Record excerpts:
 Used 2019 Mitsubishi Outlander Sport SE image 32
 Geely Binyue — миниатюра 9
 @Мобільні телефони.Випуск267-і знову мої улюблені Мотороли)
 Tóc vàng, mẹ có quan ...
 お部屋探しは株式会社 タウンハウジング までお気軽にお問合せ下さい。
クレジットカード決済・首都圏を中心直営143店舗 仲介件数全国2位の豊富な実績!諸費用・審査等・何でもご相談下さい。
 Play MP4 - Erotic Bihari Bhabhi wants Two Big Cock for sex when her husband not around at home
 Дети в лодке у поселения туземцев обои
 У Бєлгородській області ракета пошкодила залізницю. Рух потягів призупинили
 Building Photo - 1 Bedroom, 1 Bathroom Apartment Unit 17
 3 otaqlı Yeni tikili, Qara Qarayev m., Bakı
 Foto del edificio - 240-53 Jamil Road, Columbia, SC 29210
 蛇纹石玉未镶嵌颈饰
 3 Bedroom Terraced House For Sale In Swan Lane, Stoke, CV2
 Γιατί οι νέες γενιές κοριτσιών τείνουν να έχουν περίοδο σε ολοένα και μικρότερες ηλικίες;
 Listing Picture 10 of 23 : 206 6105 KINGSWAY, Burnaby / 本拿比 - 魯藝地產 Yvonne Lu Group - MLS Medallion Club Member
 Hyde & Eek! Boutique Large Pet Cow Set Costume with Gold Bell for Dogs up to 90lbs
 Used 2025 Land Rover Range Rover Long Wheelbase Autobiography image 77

How to complete this task: Show every line of the data that includes the string "Used".

Task answer:
 Used 2019 Mitsubishi Outlander Sport SE image 32
 Used 2025 Land Rover Range Rover Long Wheelbase Autobiography image 77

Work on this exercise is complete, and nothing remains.